§6 両親への反発
冬休み間近になって、クラスの何人かがクリスマスパーティーを企画していた。花織もその中の一人で、七海も当然誘われていたが、両親が許してくれるとは思えなかった。中々言い出せないまま、終業式の夕方に、
「わたし、クリスマスの日に友達と出掛けるから。」と両親に告げた。
「何なの、急に。毎年その日は家族で教会に行って、食事する事になっているのは分かっているでしょ!」とまず母親に諭された。
「もう高校生なんだから、良いでしょ!いつまでも家に縛られたくないし、友だちとだって遊びたいよ!」と言う私に、今度は父親が口を開いた。
「七海の言う事は分かるが、高校生はまだ子供だ。どこの家にも決りがあって、それは国や県の法律、学校の規則と同じだ。家の一員ならば、その慣習に従って生活していかなければいけないんじゃないか?」
七海の父親は地方検事で、人を諭したり説得したりする事が仕事で、とても反論はできそうもなかった。彼女は遅い反抗期に差し掛かっており、何事に対しても常に反感を抱いていた。両親や家が嫌いという訳ではなく、自分の思いや考えを否定されたり、自由を束縛されたりする事を嫌った。
私は父親に抵抗する事もできず、その場から逃げ出していた。黙って出掛けようとする所を、母親に止められた。

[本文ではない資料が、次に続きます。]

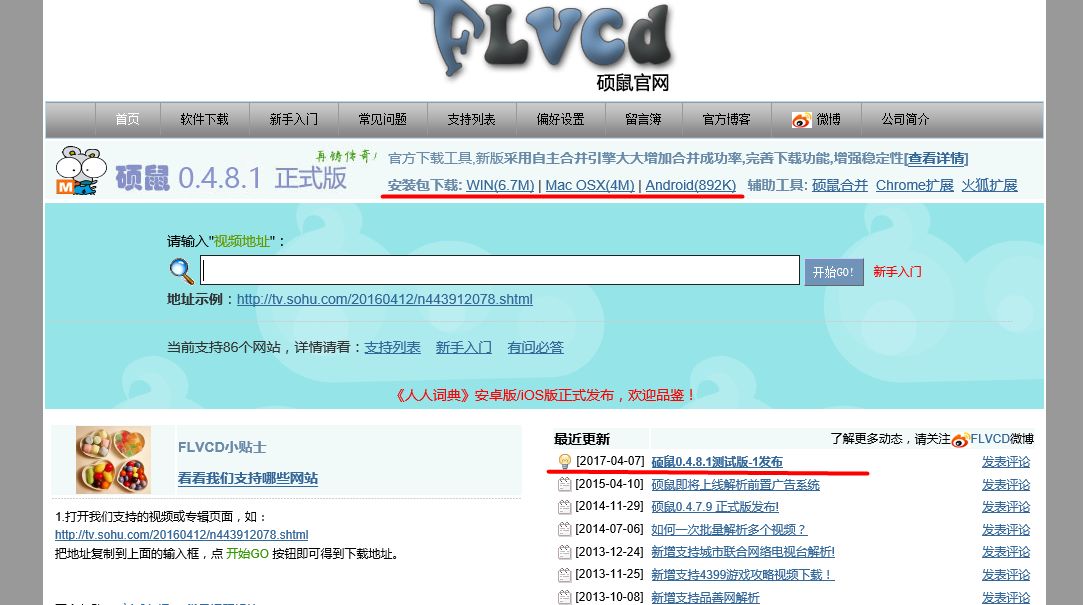 视频网站下载软件
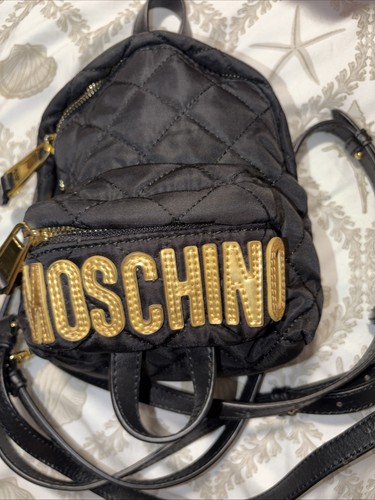 Moschino logo mini zaino - logo,
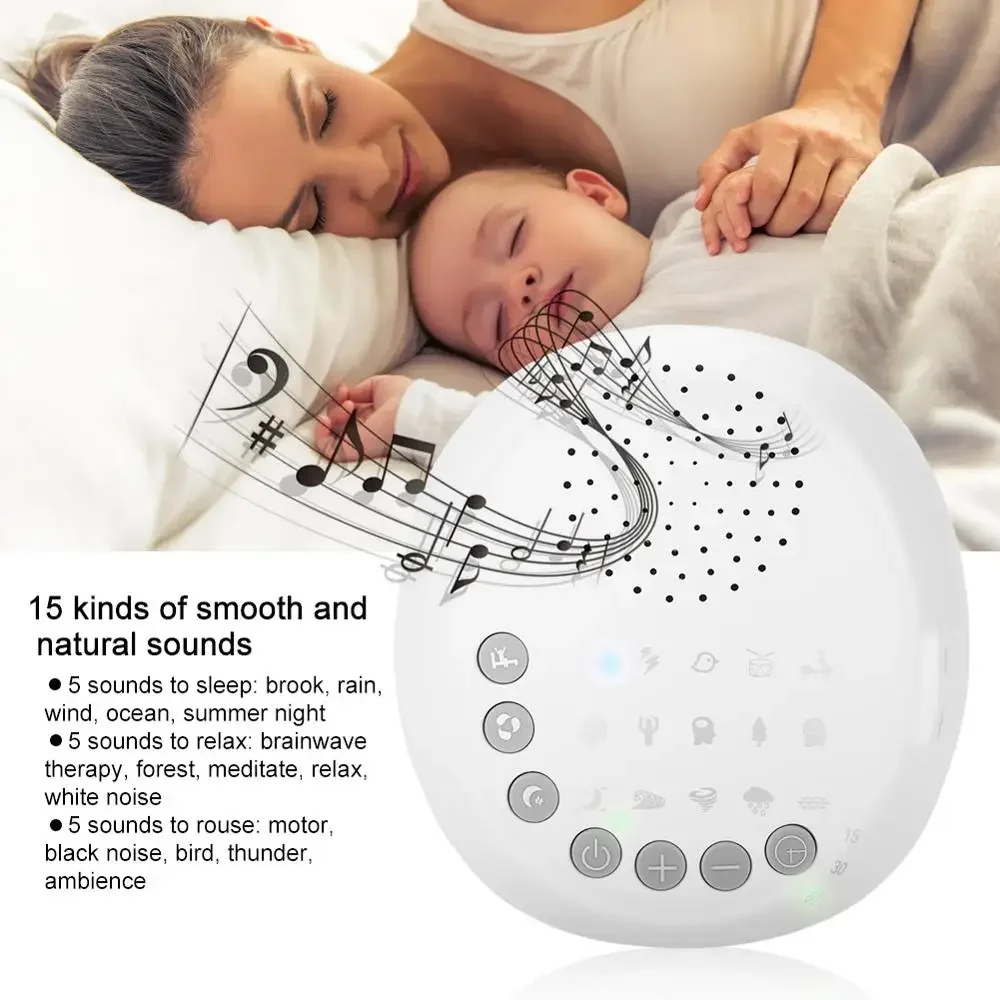 Timed White Noise Machine Music Sleep Sound Machine For Sleeping & Relaxation for Baby Adult USB Sleep Aid Device Travel Homeuse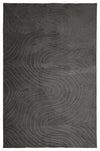 Somos Contemporary Charcoal Washable Rug 9'0\" x 12'0\" Indoor Area Rug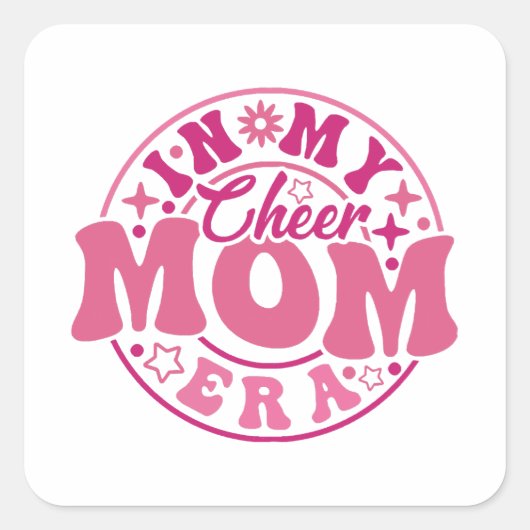 In mijn cheer mam tijdperk vierkante sticker (Voorkant)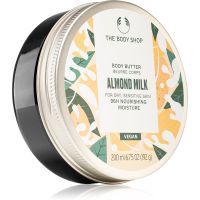 The Body Shop Almond Milk Body Butter подхранващо масло за тяло за суха и чувствителна кожа 200 мл.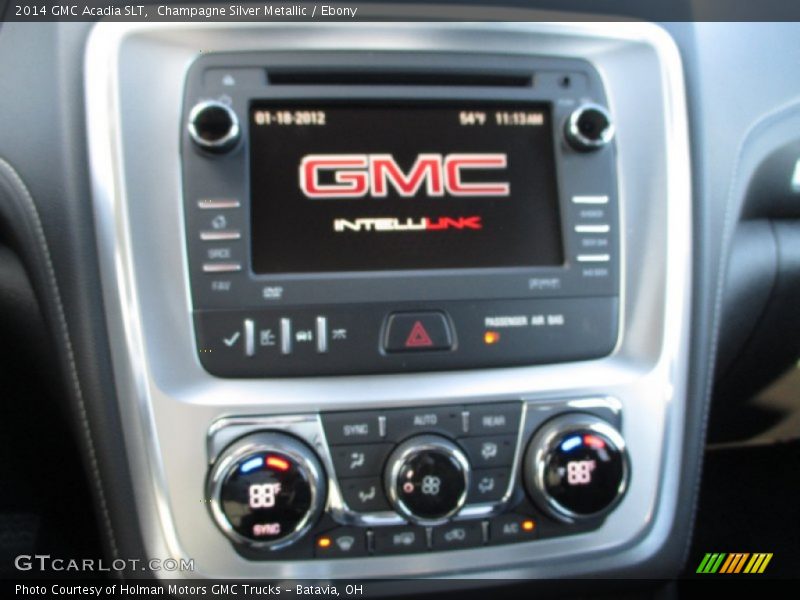 Champagne Silver Metallic / Ebony 2014 GMC Acadia SLT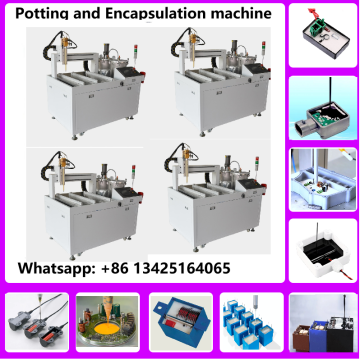 Ab Epoxy Resin Potting Machine Metering Machine Spray Dispenser Conveyor System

「七海、どこへ行くの?」と言うのに対して、「ちょっと、コンビニ」とだけ言って外に出た。自転車にまたがって行く当てもなく走らせ、気が付くと商店街に来ていた。今のやり所のない気持ちを、誰かに聞いてもらいたいと思ったが、友だちの少ない私には花織しか思い付かなかった。しかし、花織では頼りなく、赤西さんに相談する事にした。
「もしもし、梅枝です。お忙しい所、すみません。今、少し良いですか?」と私は電話を掛けていた。
「ああ、ナミちゃん?どうしたの、こんな時間に。」と応える彼の、何となくよそよそしい態度が気になった。
「実は話したい事があるんですが、今から会ってもらえませんか?」
「今から?電話じゃ駄目なの?」と言われ、「会いたいんです」と告げた。ところが、私の求めに反して「それは無理だ」と電話を切られた。
七海は、信頼して尊敬していた赤西に冷たくされ、両親とのいさかい以上にショックを覚えていた。自転車を押しながら途方に暮れて歩いていると、前から大柄の男が手を振りながら近付いて来た。
「梅枝、久し振り!夏の花火以来だよね。今日は買い物?」
相変わらず軽い調子の白石君に、私の重かった気持ちは少し和らいだ。
「別に用事じゃないけどね。白石君こそ、サンダル履きで何してるの?」
「家がそこで鮨屋をやってるから、ここは庭みたいなもんだからさ!」
この際、話し相手になってくれれば誰でも良いと思い、
「白石君は、今暇なの?どっかで話ししない?」と誘い掛けた。
「見ての通り!梅枝が誘ってるんだから、暇じゃなくても暇だよ。」
中学の時から調子が良いと思っていたが、彼の言葉に笑ってしまった。